Sepehr Abrishami, Jack Goulding and Farzad Rahimian

The integration and automation of the whole design and implementation process have become a pivotal factor in construction projects. Problems of process integration…

Abstract

Purpose

The integration and automation of the whole design and implementation process have become a pivotal factor in construction projects. Problems of process integration, particularly at the conceptual design stage, often manifest through a number of significant areas, from design representation, cognition and translation to process fragmentation and loss of design integrity. Whilst building information modelling (BIM) applications can be used to support design automation, particularly through the modelling, amendment and management stages, they do not explicitly provide whole design integration. This is a significant challenge. However, advances in generative design now offer significant potential for enhancing the design experience to mitigate this challenge.

Design/methodology/approach

The approach outlined in this paper specifically addresses BIM deficiencies at the conceptual design stage, where the core drivers and indicators of BIM and generative design are identified and mapped into a generative BIM (G-BIM) framework and subsequently embedded into a G-BIM prototype. This actively engages generative design methods into a single dynamic BIM environment to support the early conceptual design process. The developed prototype followed the CIFE “horseshoe” methodology of aligning theoretical research with scientific methods to procure architecture, construction and engineering (AEC)-based solutions. This G-BIM prototype was also tested and validated through a focus group workshop engaging five AEC domain experts.

Findings

The G-BIM prototype presents a valuable set of rubrics to support the conceptual design stage using generative design. It benefits from the advanced features of BIM tools in relation to illustration and collaboration (coupled with BIM's parametric change management features).

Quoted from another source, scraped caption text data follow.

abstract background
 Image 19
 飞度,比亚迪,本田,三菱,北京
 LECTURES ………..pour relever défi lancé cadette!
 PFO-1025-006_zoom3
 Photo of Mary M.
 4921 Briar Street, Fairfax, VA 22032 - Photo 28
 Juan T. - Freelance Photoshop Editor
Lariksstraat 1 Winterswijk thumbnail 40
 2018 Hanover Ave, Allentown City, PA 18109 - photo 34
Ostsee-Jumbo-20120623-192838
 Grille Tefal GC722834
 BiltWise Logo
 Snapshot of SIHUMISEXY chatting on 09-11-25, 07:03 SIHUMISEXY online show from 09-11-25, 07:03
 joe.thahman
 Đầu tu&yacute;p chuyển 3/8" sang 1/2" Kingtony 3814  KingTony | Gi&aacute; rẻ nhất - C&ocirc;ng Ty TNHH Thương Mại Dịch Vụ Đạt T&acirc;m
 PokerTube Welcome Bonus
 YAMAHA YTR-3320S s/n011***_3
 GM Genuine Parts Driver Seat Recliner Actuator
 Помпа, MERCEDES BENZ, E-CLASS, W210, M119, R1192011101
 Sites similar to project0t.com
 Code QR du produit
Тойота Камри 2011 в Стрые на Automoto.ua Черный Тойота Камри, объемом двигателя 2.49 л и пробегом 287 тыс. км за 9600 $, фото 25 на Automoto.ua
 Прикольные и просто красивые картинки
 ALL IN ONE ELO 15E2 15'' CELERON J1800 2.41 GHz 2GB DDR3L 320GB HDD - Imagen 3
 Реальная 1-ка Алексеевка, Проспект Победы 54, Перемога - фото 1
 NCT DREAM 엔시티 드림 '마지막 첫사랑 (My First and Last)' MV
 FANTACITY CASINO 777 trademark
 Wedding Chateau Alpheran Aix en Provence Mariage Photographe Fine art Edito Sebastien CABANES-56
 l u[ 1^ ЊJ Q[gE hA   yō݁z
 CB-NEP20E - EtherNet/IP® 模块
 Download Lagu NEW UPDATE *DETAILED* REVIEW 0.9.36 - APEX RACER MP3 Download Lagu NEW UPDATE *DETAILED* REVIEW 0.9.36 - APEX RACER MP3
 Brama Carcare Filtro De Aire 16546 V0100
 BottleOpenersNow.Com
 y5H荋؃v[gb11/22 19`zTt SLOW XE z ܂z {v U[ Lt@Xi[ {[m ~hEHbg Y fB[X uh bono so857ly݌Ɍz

Research limitations/implications

This prototype has been evaluated through multiple projects and scenarios. However, additional test data is needed to further improve system veracity using conventional and non-standard real-life design settings (and contexts). This will be reported in later works.

Originality/value

Originality and value rest with addressing the shortcomings of previous research on automation during the design process. It also addresses novel computational issues relating to the implementation of generative design systems, where, for example, instead of engaging static and formal description of the domain concepts, G-BIM actively enhances the applicability of BIM during the early design stages to generate optimised (and more purposeful) design solutions.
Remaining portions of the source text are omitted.